Top of Data for review

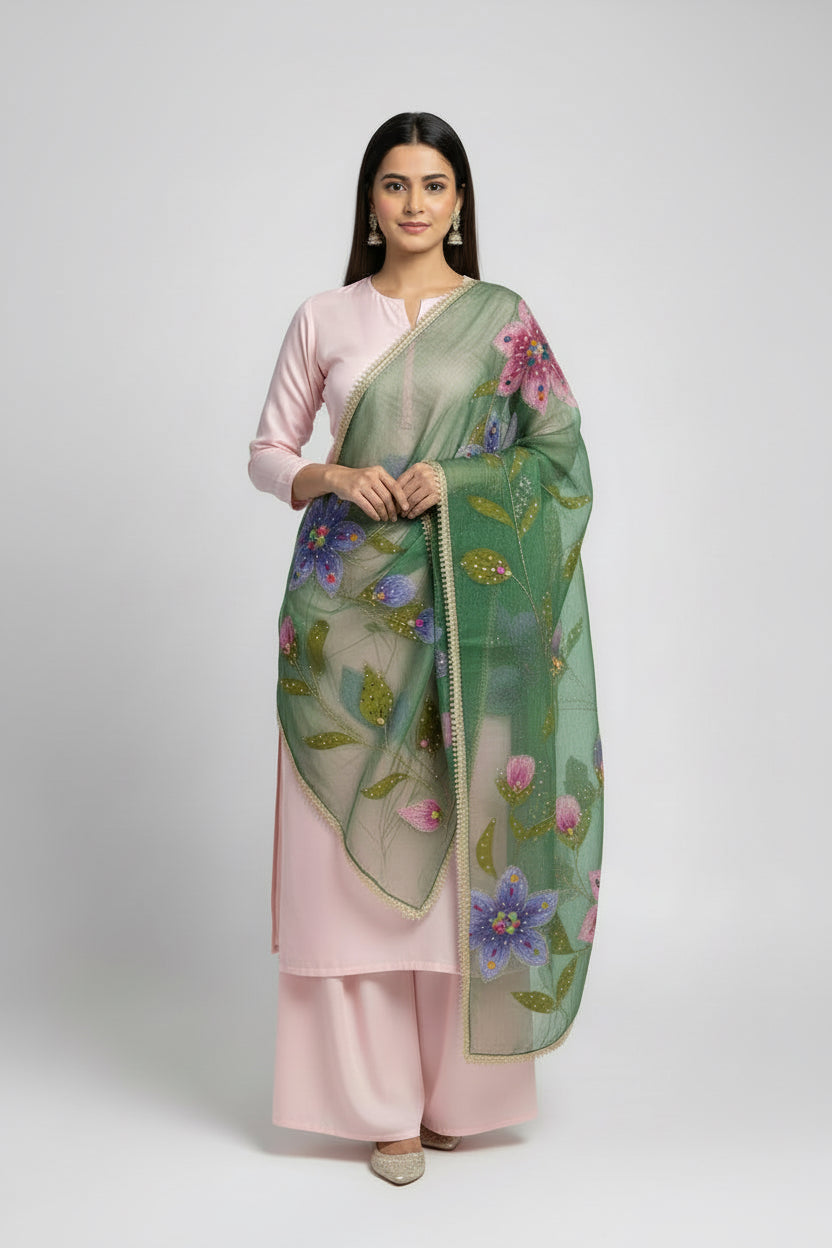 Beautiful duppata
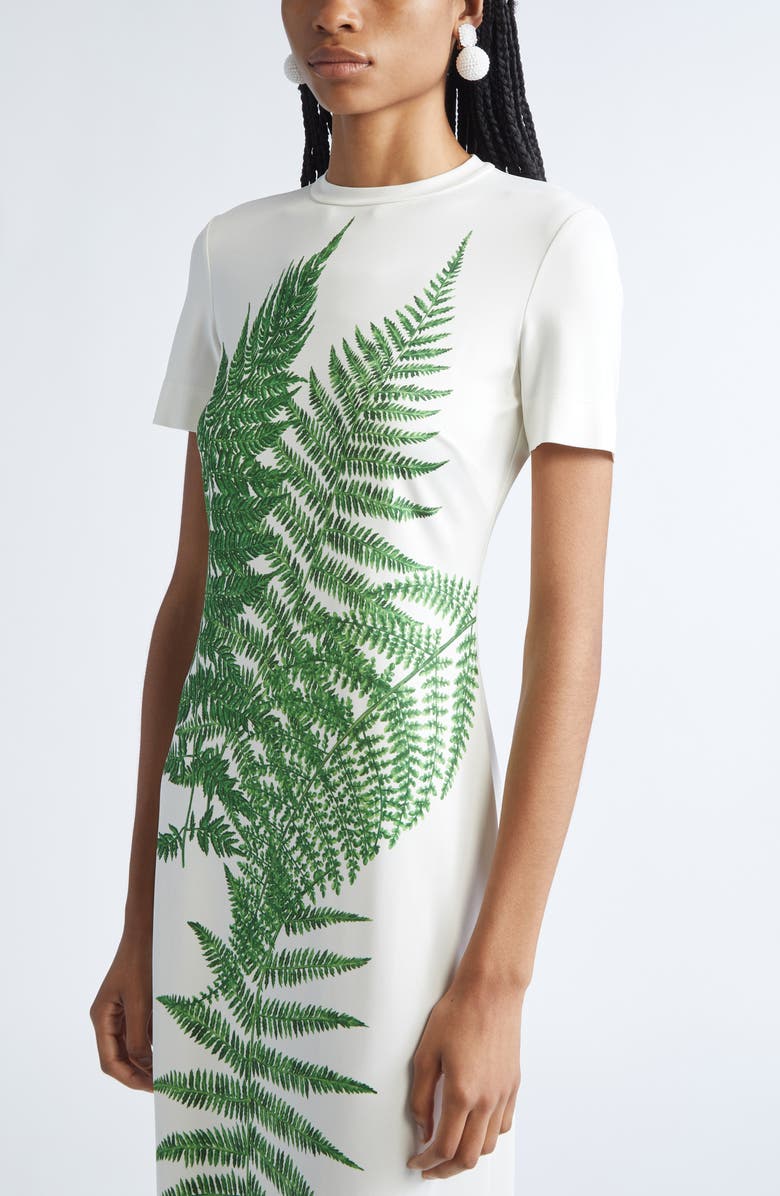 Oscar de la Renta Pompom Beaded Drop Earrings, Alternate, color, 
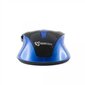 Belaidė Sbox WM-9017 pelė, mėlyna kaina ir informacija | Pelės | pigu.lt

Bottom of Data for review
Top of Data for review

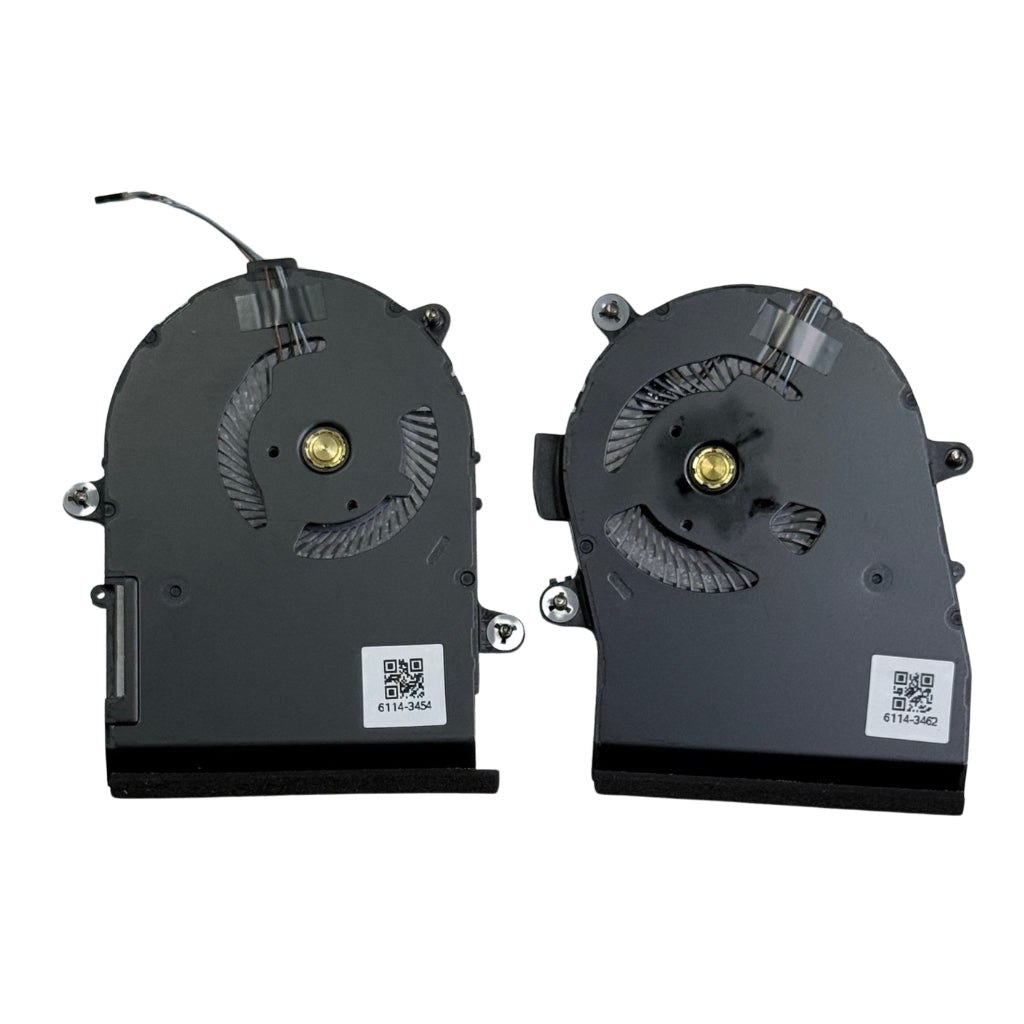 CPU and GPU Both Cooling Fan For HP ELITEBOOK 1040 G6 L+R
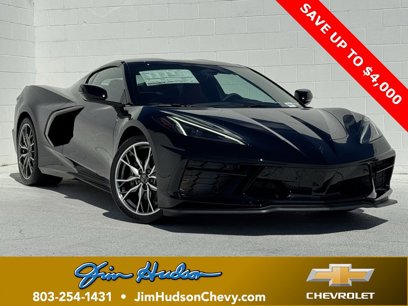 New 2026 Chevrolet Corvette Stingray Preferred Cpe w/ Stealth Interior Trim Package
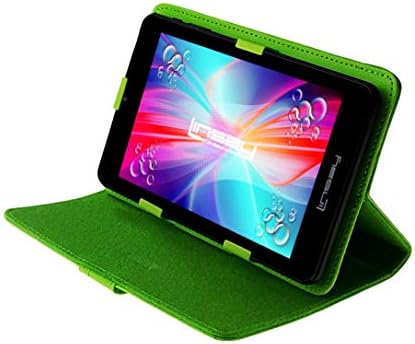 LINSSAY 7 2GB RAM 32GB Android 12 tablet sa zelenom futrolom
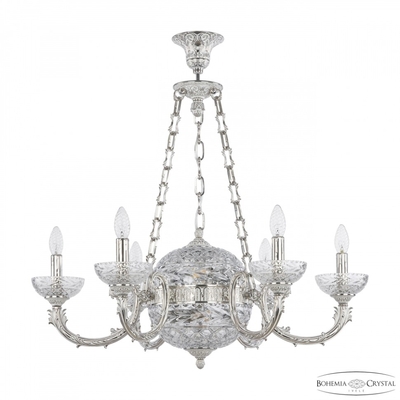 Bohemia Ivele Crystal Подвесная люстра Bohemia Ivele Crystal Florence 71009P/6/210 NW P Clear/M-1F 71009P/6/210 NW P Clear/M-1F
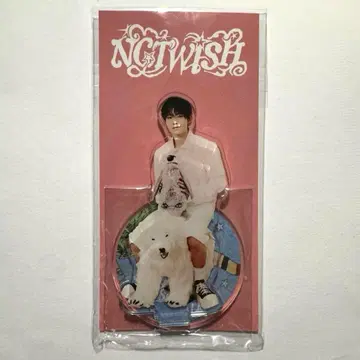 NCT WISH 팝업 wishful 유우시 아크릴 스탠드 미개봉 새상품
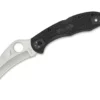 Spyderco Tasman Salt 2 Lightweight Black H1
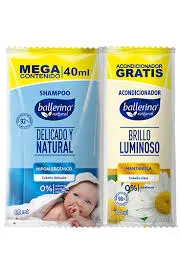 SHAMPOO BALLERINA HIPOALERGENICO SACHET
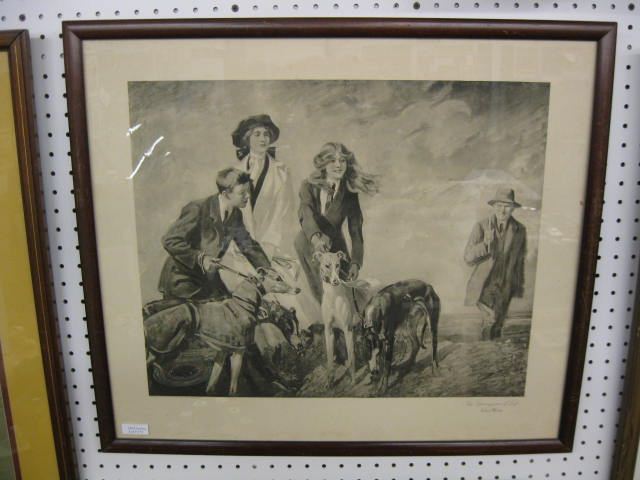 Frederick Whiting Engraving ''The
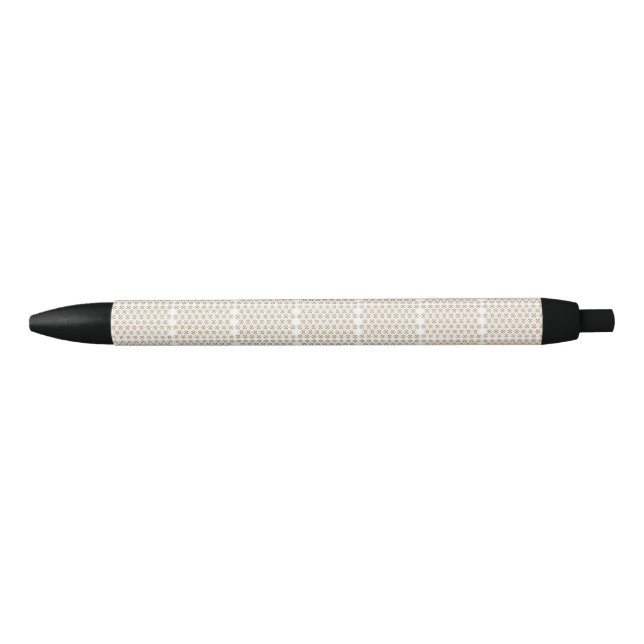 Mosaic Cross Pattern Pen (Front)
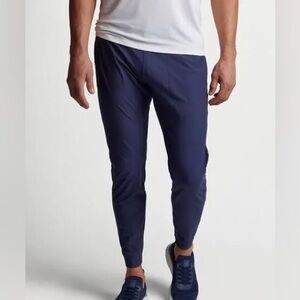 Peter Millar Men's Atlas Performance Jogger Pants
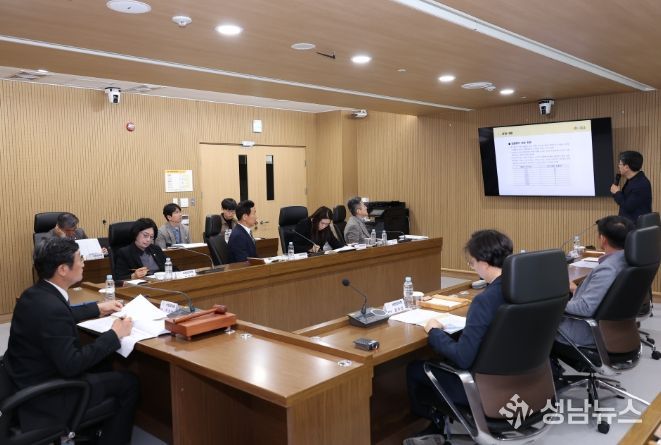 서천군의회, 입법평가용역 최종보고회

Bottom of Data for review

Within the material above, only the stretch from the line holding "Beautiful duppata" through the line holding "Belaidė Sbox WM-9017" is to be restated exactly. Pictures are dropped.

 Beautiful duppata
 Oscar de la Renta Pompom Beaded Drop Earrings, Alternate, color, 
 Belaidė Sbox WM-9017 pelė, mėlyna kaina ir informacija | Pelės | pigu.lt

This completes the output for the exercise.